Write an integer Fortran function M erge(X, Y, n) which iteratively merges the overlapping intervals and returns the number of resulting, non-overlapping intervals (the merged intervals replace the original intervals in arrays X and Y ).

Also, write a Fortran program which reads the data, invokes M erge and prints the results.

- A block–diagonal matrix is a square matrix in which all non-zero elements are in the form of disjoint submatrices (called blocks) on the main diagonal, as shown below (where nonzero elements are represented by asterisks):

* | * | * | 0 | 0 | 0 | 0 | 0 | 0 |

* | * | * | 0 | 0 | 0 | 0 | 0 | 0 |

* | * | * | 0 | 0 | 0 | 0 | 0 | 0 |

0 | 0 | 0 | * | * | * | * | 0 | 0 |

0 | 0 | 0 | * | * | * | * | 0 | 0 |

0 | 0 | 0 | * | * | * | * | 0 | 0 |

0 | 0 | 0 | * | * | * | * | 0 | 0 |

0 | 0 | 0 | 0 | 0 | 0 | 0 | * | * |

0 | 0 | 0 | 0 | 0 | 0 | 0 | * | * |

Write an integer function BLOCKS(A,N,B) which checks if a real matrix A[1 : n, 1 : n] is block– diagonal and which returns the sizes of consecutive blocks in array B[1 : n] (for the example above the returned values of B are [3,4,2]). The value returned by the function is the number of blocks (i.e., 3 for the example above).

Also, write a Fortran program which reads the data, invokes Blocks and prints the results.

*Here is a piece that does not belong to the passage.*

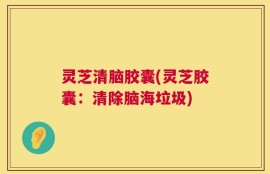 灵芝清脑胶囊(灵芝胶囊：清除脑海垃圾)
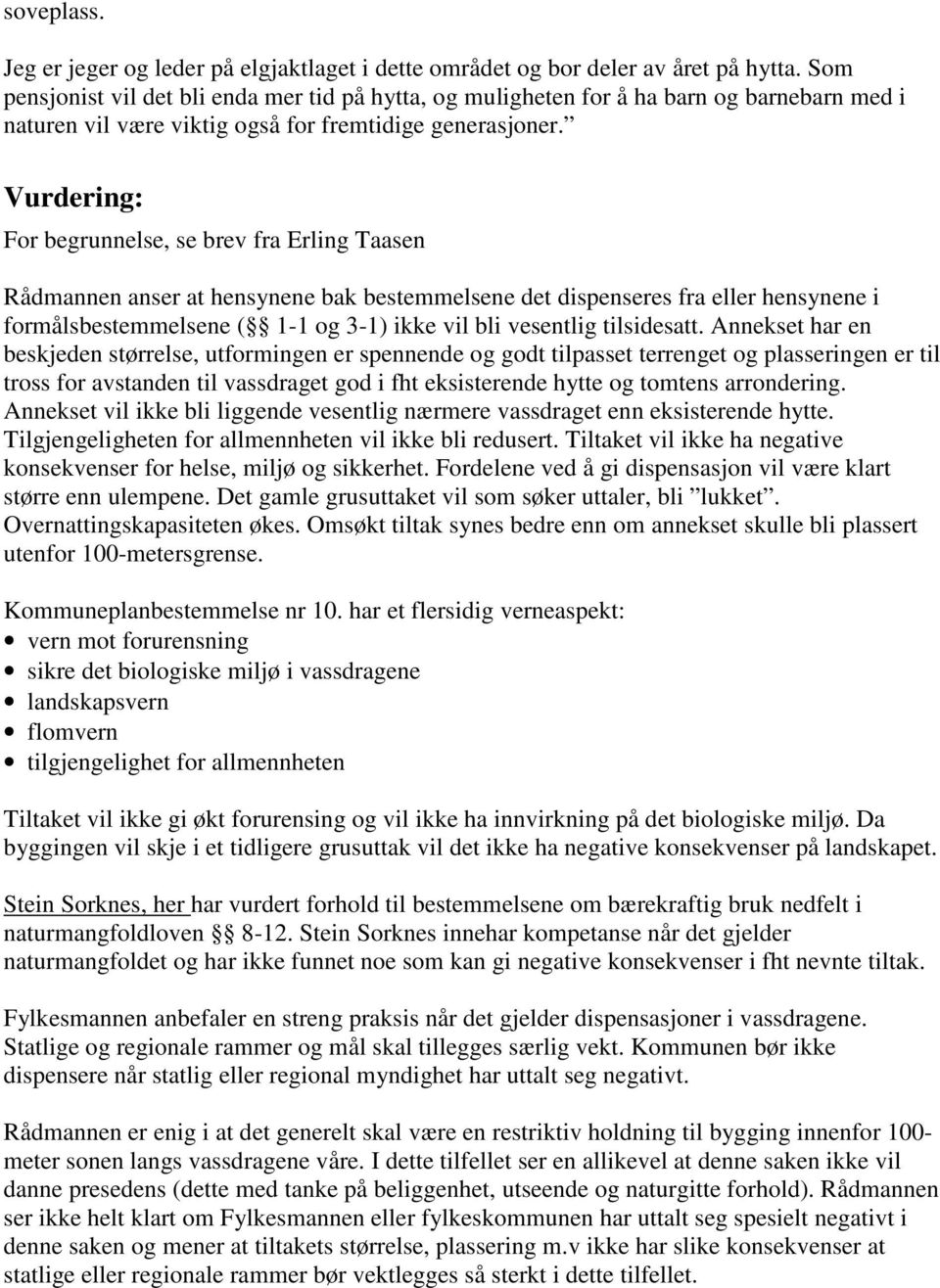 Vurdering: For begrunnelse, se brev fra Erling Taasen Rådmannen anser at hensynene bak bestemmelsene det dispenseres fra eller hensynene i formålsbestemmelsene ( 1-1 og 3-1) ikke vil bli vesentlig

Hint: Start with the element A[1, 1] and, for consecutive values of k = 1, 2, · · · check if all elements k + 1 to n in the first k rows and the first k columns are equal to zero. If a nonzero element is found, increase k and repeat. When the first block is identified, repeat the same process starting from the next diagonal element, until the whole matrix A is checked.